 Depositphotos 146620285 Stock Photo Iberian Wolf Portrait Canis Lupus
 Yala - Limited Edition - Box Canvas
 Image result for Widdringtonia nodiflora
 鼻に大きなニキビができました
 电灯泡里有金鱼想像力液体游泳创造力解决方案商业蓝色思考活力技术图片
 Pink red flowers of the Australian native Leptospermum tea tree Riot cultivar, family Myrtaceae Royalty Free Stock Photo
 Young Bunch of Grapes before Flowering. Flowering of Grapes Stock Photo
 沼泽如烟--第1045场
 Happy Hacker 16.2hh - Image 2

--

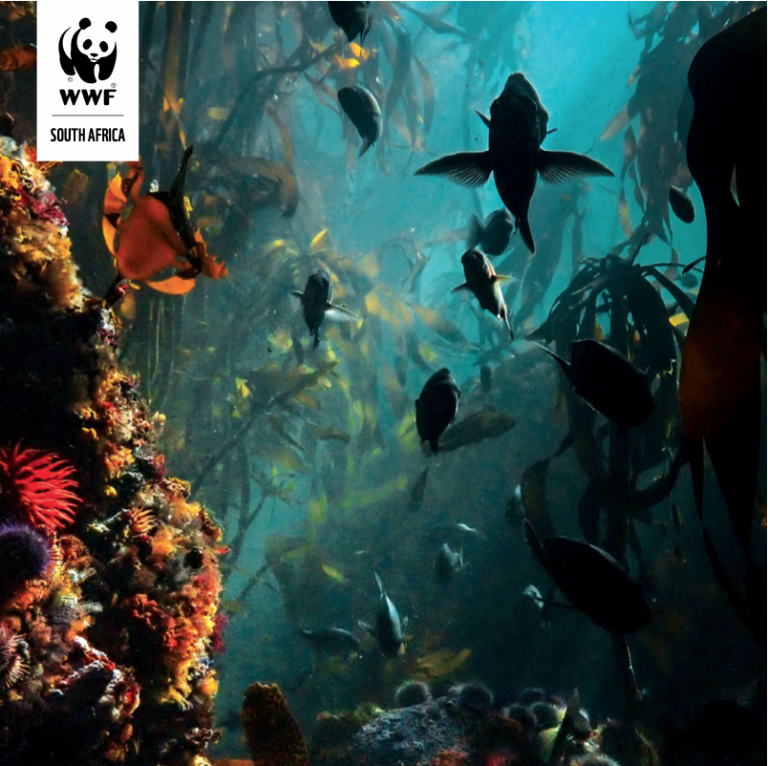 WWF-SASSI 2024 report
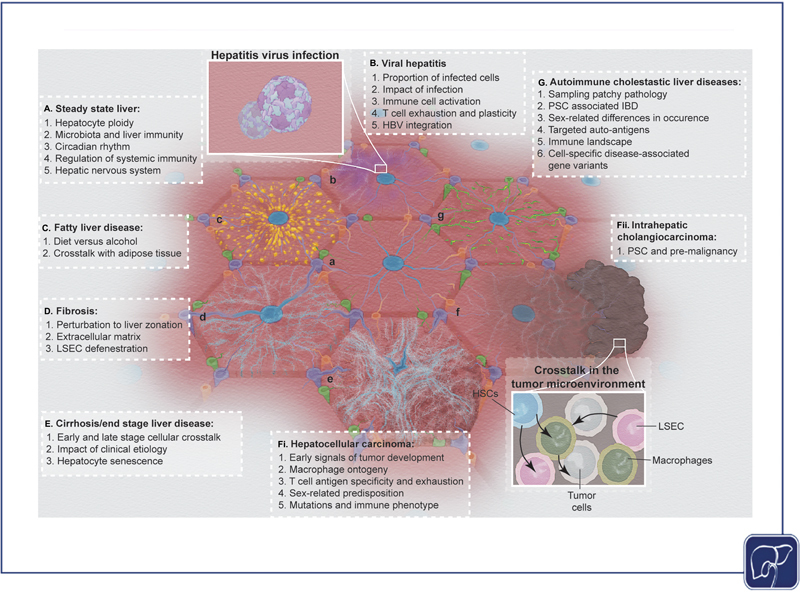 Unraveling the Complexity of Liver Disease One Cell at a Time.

### Your task
Search the data above for the string "Image" and return every line that has it.

### Answer area
 Image result for Widdringtonia nodiflora
 Happy Hacker 16.2hh - Image 2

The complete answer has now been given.